Кстати, калмыцкие национальные танцы как бы олицетворяют собой переход от полного спокойствия к неимоверной ярости. В чем я так же убедился своими глазами, поскольку мне неоднократно приходилось бывать на выступлениях местных фольклорных коллективов. Особое впечатление произвел «танец молодых принцев», исконное название которого я, к сожалению, не запомнил. Его танцуют юноши, достигшие возраста воинов. Сначала они несколько стеснительно и отстраненно перемещаются рядом с прекрасными девушками, а потом настолько расходятся, что девушки исчезают со сцены, и начинается форменное буйство мужской силы по сравнению с которым, лихая лезгинка кажется «умирающим лебедем». Все это происходит под буддийский монотонный ритм, который в течение танца все более убыстряется, а в финале превращается в «народное техно», под которое могут танцевать только самые выносливые. Женские калмыцкие танцы – медлительны и грациозны.

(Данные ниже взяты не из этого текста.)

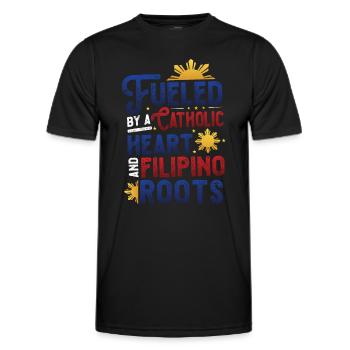 Katholisches Herz Und Philippinische Wurzeln - Männer Funktions-T-Shirt - Schwarz - Vorne - AI Model Male 178 dark (178cm)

Кстати, про прекрасную половину Калмыкии. Несмотря на давнюю женатость, я поневоле обращаю внимание на ее представительниц. Тем более, что созерцание красоты спасает не только мир, но странника в тяжелых переходах. Наиболее красивы калмычки с зелеными глазами – этот цвет символ весны и процветания. Зеленоглазые девушки здесь считаются избранными небом. Отсюда – еще одно небольшое этнографическое исследование. Большинство калмычек очень стройные – сказались века кочевого быта, когда на женщин ложилось много физических нагрузок – не располнеешь. Да и из-за малочисленности народа, калмыцкой женщине приходилось быть не только хозяйкой, но и воином – когда-то верховая езда и стрельба из лука входила в подготовку юных домохозяек. Калмыки делятся на четыре этногруппы, которые внешне можно различить только по девушкам. У хошеуток и дервюдок - типичная азиатская внешность. Торгудки более смуглые, а бузавки наоборот светлые, с каштановыми, или даже рыжими волосами. Такой разброс для небольшого народа мне пояснили частыми смешанными браками на протяжении столетий, к которым, кстати, до сих пор относятся более чем терпимо – для кочевников смешение кровей в прошлом было неизбежно — мужчины часто привозили из походов жен.

Облака и обитатели степей

Напоследок - еще порция прекрасного. Меня, более привычного к северной тайге, всегда изумляет животный мир степей. Кажется, что все здесь безжизненно и пустынно. Но если приглядеться, то все обитатели как на ладони. Посему мое излюбленное занятие в калмыцких степях – фотоохота. Например, на верблюдов, которых хозяева надолго выпускают гулять по бескрайним просторам. Это только кажется, что они меланхоличны и неповоротливы. Носятся – будь здоров. Бывало, подходишь к балке заросшей колючим кустарником, а оттуда торчит верблюжья голова – как будто динозавр в зарослях обитает. Но чтобы сфотографировать его крупно «анфас», нужно действовать как при загонной охоте: сделать большой «трехчетвертной» круг и незаметно подойти, не издав ни малейшего шума. «Выстрелов» пять верблюд выдержит, а потом меланхолично унесется прочь. Еще тяжелее снять лису – та выбирается из норы только ночью, а днём – слишком осторожна и перемещается короткими и продуманными перебежками. А вот крупные ящерицы на барханах наоборот, как будто специально позируют. Высунут голову из песка, и крутят ею: какой кадр лучше получиться! Хранители неба и хозяева степей – орлы и ястребы - сами по себе получаются помпезными. Смотришь на них часами и поневоле задумываешься о тщетности бытия. Но самое удивительное в Калмыкии – небо. Какие только причудливые узоры не приобретают облака! Снимать – не переснимать! В результате, у меня набралась такое количество фотографий воздушных просторов, что я никак не могу выбрать лучшую. Думаю, нужно устроить фотовыставку и предложить выяснить это посетителям.